*** Block opens ***
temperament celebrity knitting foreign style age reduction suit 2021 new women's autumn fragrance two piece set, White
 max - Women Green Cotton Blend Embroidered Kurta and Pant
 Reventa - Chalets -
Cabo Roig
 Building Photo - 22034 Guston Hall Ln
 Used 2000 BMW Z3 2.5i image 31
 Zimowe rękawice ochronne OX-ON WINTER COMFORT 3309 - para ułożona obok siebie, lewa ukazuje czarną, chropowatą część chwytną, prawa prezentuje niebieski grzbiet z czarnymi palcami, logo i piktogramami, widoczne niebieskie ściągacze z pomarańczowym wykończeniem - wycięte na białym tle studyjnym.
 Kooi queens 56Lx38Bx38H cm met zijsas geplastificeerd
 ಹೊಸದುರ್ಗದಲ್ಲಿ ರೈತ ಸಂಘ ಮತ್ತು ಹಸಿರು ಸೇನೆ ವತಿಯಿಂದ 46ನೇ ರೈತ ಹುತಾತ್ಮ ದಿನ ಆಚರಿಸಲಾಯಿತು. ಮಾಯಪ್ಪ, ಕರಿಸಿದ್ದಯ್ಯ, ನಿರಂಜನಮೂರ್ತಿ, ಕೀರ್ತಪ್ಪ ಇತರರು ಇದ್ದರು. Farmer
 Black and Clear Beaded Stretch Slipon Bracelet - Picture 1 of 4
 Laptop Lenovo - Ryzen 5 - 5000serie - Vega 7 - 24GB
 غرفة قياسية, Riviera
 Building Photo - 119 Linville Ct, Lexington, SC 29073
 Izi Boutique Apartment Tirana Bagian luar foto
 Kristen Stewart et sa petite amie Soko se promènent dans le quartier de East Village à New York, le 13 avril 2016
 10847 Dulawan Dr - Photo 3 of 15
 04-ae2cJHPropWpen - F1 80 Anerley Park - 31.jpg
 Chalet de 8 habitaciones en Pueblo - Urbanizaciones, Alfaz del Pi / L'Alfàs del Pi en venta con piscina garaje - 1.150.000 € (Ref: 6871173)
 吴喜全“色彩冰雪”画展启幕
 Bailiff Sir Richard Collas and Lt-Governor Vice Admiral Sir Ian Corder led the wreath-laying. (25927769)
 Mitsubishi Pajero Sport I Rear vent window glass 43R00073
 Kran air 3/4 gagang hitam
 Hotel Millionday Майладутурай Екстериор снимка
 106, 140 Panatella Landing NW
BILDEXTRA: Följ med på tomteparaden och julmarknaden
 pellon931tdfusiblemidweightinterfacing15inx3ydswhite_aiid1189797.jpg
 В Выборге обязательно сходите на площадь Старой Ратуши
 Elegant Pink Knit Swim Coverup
*** Block closes ***
**How to complete this task**.
Copy each line from the data that features the string "Building".

**Result of this task**.
 Building Photo - 22034 Guston Hall Ln
 Building Photo - 119 Linville Ct, Lexington, SC 29073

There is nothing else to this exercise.